Last week Emily and I spent a few days in the Northern woods of Wisconsin on the lands of the Ojibwe people. Filled with interlocking lakes, tall trees, and unpolluted early morning sun, there is something in the fresh and clean air coming off the water that fills one’s bones with delight.
What came to mind sitting by the water one day with a cigar in hand was the majestic beauty of God’s creation (a fairly obvious insight). But then, as I sat longer and my cigar grew proportionally smaller, I thought more about the creation story.
Why do creation stories matter? Why are they so important?

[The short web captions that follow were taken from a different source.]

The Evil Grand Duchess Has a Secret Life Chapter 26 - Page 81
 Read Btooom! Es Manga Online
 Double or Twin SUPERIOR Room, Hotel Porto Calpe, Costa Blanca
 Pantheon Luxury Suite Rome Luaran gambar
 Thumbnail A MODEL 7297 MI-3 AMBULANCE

I remembered what Norman Wirzba wrote in his book This Sacred Life:
To communicate the sacred character of reality, people have often told stories about the creation of the world. The focus of creation stories … is not the mechanics of making but about establishing the point or purpose of why anything exists at all.1
For the Christian, Genesis 1-2 is not a scientific account of the creation of our universe. To study the text as such is to miss the very point being made by the author(s). Our creation story, rather, is a key—a metaphysical and hermeneutical map for orienting ourselves to the world around us and locating ourselves within it. This is a world that God creates, sustains, animates, and calls fundamentally good.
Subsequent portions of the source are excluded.